The LLMs followed an iterative process:
- Generated initial problem solutions.
- Received structured feedback from the THINK system.
- Re-did their work, specifically focusing on "five keys" such as math concepts and clear narratives.
Key Findings
The study revealed several critical insights:
- LLMs perform well on simpler tasks, such as "remembering" facts.
- However, they struggle more with "applying" knowledge.
- Example: GPT-4O scored 86.92 in remembering but dropped to 76.71 in applying.
- Proprietary (non-open-source) models, such as GPT-4O, generally outperformed open-source alternatives.
- Crucially, receiving iterative feedback significantly helped LLMs improve their deeper reasoning skills.
"By making models 'think-aloud' through iterative critique, THINK offers a scalable, principled approach for the community to both measure and advance LLM cognition," the authors stated. "This paves the way for more robust reasoning capabilities in educational and real-world applications."
Limitations and Future Directions
The researchers acknowledge certain limitations:
- The study used a specific set of flawed math problems, which might restrict the types of errors identifiable.

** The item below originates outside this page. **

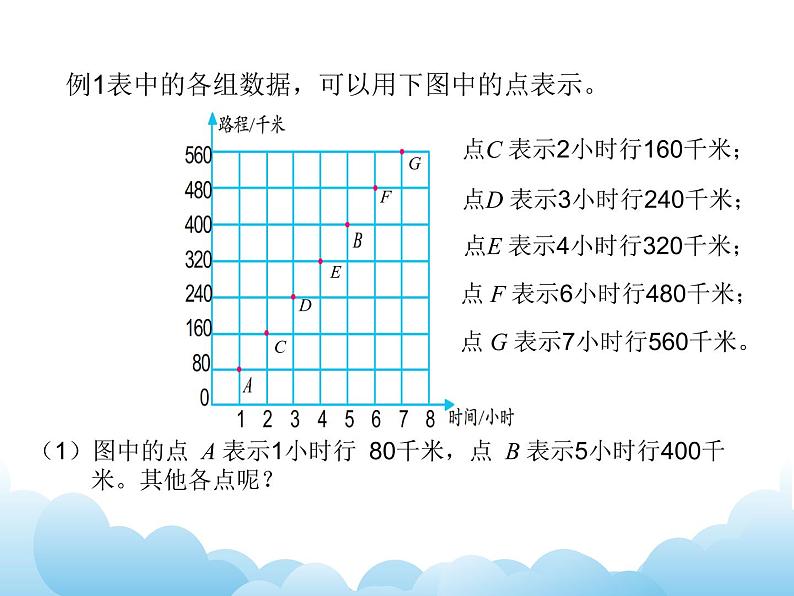 6.3 正比例图像课件第4页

- The evaluation method, while efficient, may not capture every facet of reasoning quality.
Future research aims to:
- Explore more diverse problem sets.
- Develop more comprehensive evaluation methods.
This new framework strongly indicates that AI can significantly improve its thinking skills through a structured learning process, hinting at a future where machines truly reason and create.
Reference
Yongan Yu, Mengqian Wu, Yiran Lin, Nikki G. Lobczowski. "THINK: Can Large Language Models Think-aloud?" arXiv preprint arXiv:2505.20184v1 (2025).